[[ The data open ]]

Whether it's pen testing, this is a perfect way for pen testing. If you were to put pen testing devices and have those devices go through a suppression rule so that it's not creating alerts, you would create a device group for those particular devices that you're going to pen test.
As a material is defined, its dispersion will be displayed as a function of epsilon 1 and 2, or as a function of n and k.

[[ The data closed ]]
[[ The data open ]]

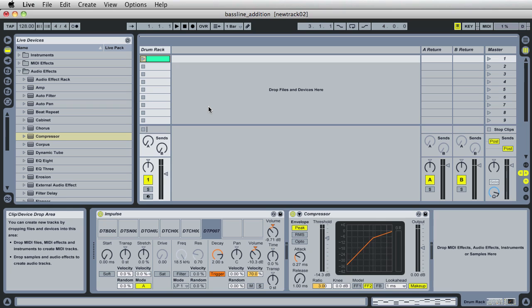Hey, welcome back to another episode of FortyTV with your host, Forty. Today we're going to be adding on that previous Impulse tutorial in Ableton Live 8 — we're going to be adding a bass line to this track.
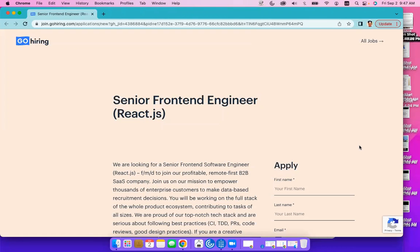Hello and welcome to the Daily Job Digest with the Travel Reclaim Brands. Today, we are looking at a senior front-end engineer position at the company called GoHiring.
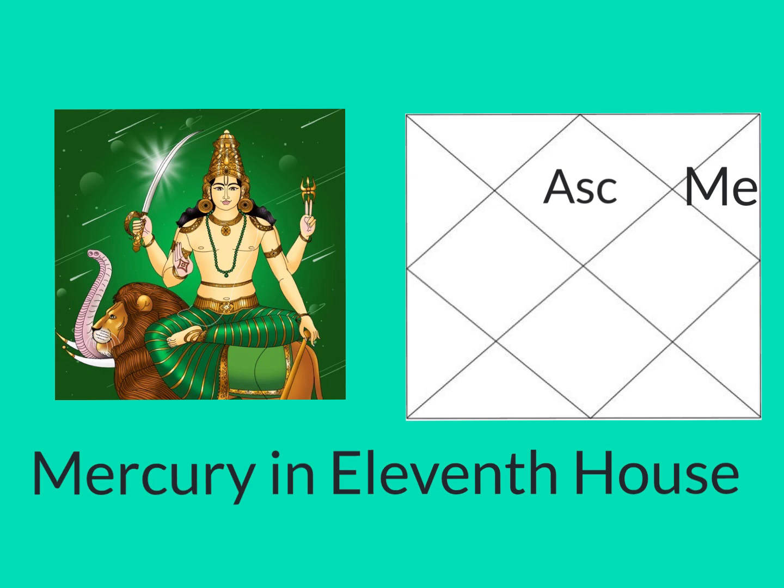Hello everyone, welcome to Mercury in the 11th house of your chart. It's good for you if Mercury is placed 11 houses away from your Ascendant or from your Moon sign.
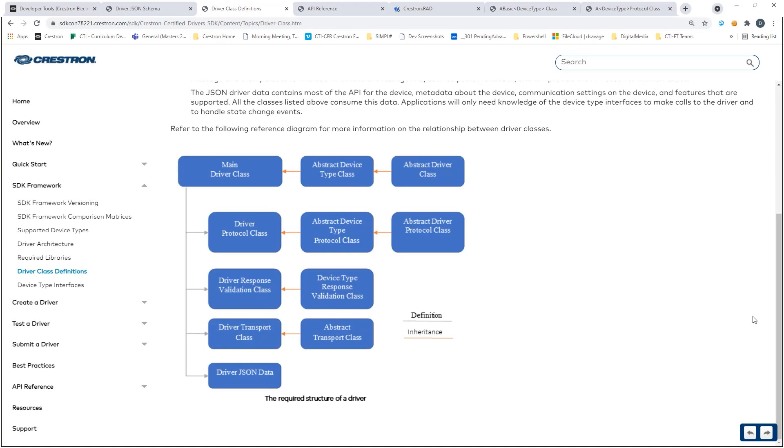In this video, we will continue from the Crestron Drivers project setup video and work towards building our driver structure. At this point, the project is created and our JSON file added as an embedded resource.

[[ The data closed ]]

▶ _Instructions to follow_
Repeat the lines above exactly, beginning with the one containing "Hello and welcome" and finishing with the one containing "In this video, we". No pictures belong in the copy.

▶ _Exercise response_
Hello and welcome to the Daily Job Digest with the Travel Reclaim Brands. Today, we are looking at a senior front-end engineer position at the company called GoHiring.
Hello everyone, welcome to Mercury in the 11th house of your chart. It's good for you if Mercury is placed 11 houses away from your Ascendant or from your Moon sign.
In this video, we will continue from the Crestron Drivers project setup video and work towards building our driver structure. At this point, the project is created and our JSON file added as an embedded resource.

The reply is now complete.